Er wirkte anders als bei ihrem letzten Treffen, sie konnte es nur nicht zu ordnen. Sein Gesicht und sein Körper, strahlten heute eine eigenartige Dominanz aus, beinahe schon aggressiv wie ihr schien. Auch schien er kräftiger zu sein, so als hätte er an Muskelmasse zugelegt, was innerhalb eines einzigen Tages nicht möglich gewesen wäre, aber sie hatte wirklich den Eindruck, dass Aiden tatsächlich stärker und breitschultriger geworden war. Es war ihr schon aufgefallen als er sie abgeholt hatte. Sogar die Farbe seiner Augen erschien ihr intensiver und irgendetwas an seinem Gang war anders gewesen vorhin im Foyer. Er reichte ihr ein Glas Champagner und sie schob den Gedanken beiseite. Das Licht in Zuschauerraum ging aus, und es wurde Dunkel. Victoria sah rüber zu ihm und für eine Sekunde, den Bruchteil eines Wimpernschlags, sah sie ein rotes Leuchten in seinen Augen nur einen kurzen Moment, dann war es wieder verschwunden. Verunsichert nahm sie einen großen Schluck aus ihrem Champagnerglas und versuchte sich zur Ruhe zu zwingen. Ihre Nerven waren überreizt, das war sicher nur ihre Nervosität, mahnte sie sich selbst.
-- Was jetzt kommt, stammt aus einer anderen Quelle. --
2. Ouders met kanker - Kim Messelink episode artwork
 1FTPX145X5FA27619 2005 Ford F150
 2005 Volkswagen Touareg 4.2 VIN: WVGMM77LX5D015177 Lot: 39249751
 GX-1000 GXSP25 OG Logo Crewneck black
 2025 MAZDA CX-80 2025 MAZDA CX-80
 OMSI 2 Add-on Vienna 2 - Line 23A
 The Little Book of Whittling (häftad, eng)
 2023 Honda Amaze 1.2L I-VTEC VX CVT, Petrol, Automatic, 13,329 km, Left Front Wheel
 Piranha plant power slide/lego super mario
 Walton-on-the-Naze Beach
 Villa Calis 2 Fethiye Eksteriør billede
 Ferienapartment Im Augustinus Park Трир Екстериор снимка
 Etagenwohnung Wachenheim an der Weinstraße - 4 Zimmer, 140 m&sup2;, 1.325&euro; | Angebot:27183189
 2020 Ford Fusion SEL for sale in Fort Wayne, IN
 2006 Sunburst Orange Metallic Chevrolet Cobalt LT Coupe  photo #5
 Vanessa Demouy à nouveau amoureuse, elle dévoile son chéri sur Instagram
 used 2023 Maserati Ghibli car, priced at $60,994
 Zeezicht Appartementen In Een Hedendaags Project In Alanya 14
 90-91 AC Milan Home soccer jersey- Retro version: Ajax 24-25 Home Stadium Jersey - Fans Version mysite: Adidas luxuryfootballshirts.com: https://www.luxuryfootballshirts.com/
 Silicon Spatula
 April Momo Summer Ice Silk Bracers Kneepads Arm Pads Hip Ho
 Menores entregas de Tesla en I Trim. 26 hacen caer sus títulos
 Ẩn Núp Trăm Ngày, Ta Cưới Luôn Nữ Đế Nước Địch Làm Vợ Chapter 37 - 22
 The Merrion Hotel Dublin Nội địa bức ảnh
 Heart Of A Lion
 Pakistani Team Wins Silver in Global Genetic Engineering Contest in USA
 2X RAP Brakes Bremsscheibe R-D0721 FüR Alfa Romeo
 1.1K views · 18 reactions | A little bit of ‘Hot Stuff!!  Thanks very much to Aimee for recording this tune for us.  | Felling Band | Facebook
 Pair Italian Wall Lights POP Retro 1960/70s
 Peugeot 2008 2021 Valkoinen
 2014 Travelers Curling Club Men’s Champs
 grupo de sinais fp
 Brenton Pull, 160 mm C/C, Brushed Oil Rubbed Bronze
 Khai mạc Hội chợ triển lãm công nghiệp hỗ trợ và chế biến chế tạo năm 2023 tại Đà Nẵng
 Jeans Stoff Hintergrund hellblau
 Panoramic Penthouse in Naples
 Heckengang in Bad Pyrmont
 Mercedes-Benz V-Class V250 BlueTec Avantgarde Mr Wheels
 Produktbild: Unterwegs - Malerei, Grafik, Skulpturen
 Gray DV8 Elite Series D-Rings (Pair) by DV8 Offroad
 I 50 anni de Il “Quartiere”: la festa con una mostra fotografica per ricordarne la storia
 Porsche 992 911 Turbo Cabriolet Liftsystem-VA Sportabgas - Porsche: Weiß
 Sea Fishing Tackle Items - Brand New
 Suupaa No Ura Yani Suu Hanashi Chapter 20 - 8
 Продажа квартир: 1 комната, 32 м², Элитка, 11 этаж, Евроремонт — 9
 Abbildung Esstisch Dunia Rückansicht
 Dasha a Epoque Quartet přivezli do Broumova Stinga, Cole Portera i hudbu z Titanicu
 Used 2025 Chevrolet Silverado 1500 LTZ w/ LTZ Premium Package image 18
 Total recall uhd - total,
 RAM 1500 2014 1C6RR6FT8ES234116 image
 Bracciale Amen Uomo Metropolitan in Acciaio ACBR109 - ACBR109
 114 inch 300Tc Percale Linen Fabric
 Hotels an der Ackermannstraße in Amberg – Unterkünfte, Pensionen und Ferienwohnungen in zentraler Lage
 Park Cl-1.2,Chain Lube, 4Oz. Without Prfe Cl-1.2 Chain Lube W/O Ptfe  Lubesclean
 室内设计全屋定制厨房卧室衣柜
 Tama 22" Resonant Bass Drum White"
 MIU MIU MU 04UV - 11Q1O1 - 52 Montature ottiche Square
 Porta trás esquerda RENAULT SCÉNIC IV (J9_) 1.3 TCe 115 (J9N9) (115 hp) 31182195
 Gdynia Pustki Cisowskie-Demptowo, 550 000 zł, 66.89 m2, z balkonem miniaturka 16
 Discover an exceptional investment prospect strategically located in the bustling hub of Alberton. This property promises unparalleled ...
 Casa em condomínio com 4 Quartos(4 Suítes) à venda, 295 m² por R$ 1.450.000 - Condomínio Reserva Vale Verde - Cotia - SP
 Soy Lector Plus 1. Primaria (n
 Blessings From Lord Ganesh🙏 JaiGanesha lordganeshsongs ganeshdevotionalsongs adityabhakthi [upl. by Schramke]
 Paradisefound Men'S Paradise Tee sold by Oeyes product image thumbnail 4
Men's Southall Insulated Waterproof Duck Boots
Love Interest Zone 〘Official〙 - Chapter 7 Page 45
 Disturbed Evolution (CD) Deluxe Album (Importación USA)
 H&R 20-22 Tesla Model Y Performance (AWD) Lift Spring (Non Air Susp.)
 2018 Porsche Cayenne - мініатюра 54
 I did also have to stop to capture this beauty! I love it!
Später, der dritte Akt lief gerade, zog ein junger Mann, der im Parkett saß, ihre Aufmerksamkeit auf sich. Sie hatte regelrecht gespürt, dass er sie anstarrte und als sie zu ihm hin sah, versuchte er nicht mal es zu verbergen, Unterwand sah er sie an, direkt und irgendwie feindselig, dachte sie. Aber warum? Sie kannte ihn nicht. Schnell wandte sie sich wieder dem Geschehen auf der Bühne zu. Sie spürte wie ihr die Angst den Rücken hoch kroch. Und die Frau in der Reihe dahinter, auch sie sah in ihre Richtung – und was war mit dem Paar, das direkt in der Loge gegenüber saß? Die wirkten auch merkwürdig fehl am Platz. Alle schienen in ihre Richtung zu starren, dann bemerkte sie, dass sie sich alle gleichzeitig wieder zur Bühne drehten, nachdem Aiden sie alle angesehen hatte. So als hätte er sie mit seinen Blicken ermahnt, wegzuschauen.
„Stimmt etwas nicht“ Aiden hatte gesehen, dass ihr Blick nicht länger auf die Bühne gerichtet war.
„Ich weiß nicht Aiden, ich möchte uns nicht den Abend verderben, aber könnten wir nicht woanders hingehen - Bitte?“ sie sah ihn flehend an.